* [Task statement]: Reproduce the entries shown below only from the line with "Bubba Watson of" down to the line with "Beyaz yastık ve", keeping both end lines and copying each one exactly.

* [Records for this task]:
=== Section Start ===

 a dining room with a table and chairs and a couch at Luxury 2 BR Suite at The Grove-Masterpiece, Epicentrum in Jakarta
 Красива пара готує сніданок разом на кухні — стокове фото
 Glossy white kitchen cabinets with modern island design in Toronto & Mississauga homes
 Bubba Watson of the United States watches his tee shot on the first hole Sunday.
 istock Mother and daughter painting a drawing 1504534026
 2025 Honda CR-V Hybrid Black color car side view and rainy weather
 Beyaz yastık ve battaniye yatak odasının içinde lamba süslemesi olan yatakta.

=== Section End ===
=== Section Start ===

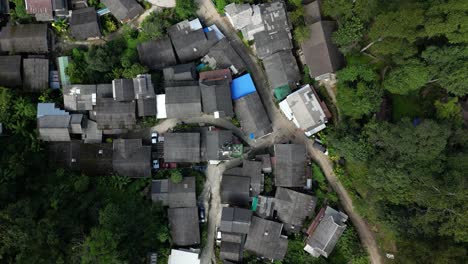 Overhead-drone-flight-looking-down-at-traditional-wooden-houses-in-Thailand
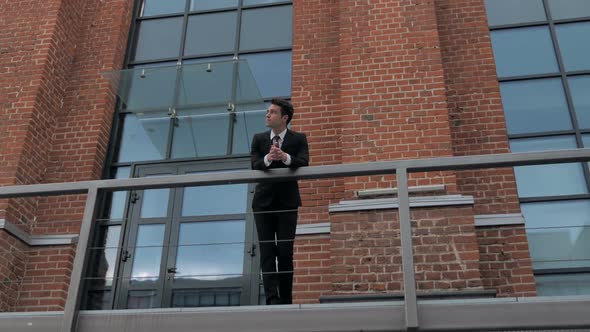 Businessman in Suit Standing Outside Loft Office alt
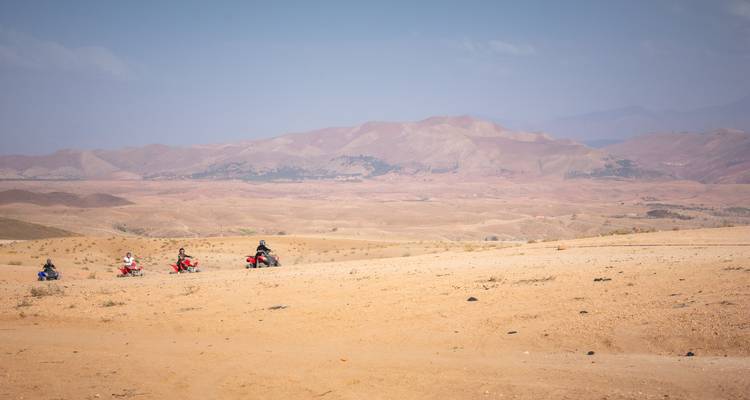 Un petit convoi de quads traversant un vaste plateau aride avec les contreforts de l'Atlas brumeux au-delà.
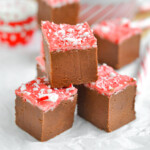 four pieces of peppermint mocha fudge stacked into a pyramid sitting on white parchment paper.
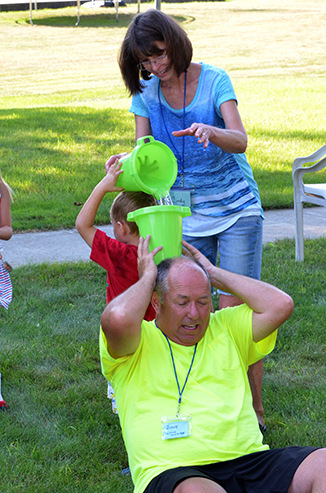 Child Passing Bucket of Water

=== Section End ===
=== Section Start ===

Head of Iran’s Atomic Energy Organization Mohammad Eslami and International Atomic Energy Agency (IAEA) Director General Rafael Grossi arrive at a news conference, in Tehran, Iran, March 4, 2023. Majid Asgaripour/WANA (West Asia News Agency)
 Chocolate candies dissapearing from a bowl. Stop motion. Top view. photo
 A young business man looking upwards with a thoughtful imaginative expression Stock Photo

=== Section End ===

* [Problem solution]:
 Bubba Watson of the United States watches his tee shot on the first hole Sunday.
 istock Mother and daughter painting a drawing 1504534026
 2025 Honda CR-V Hybrid Black color car side view and rainy weather
 Beyaz yastık ve battaniye yatak odasının içinde lamba süslemesi olan yatakta.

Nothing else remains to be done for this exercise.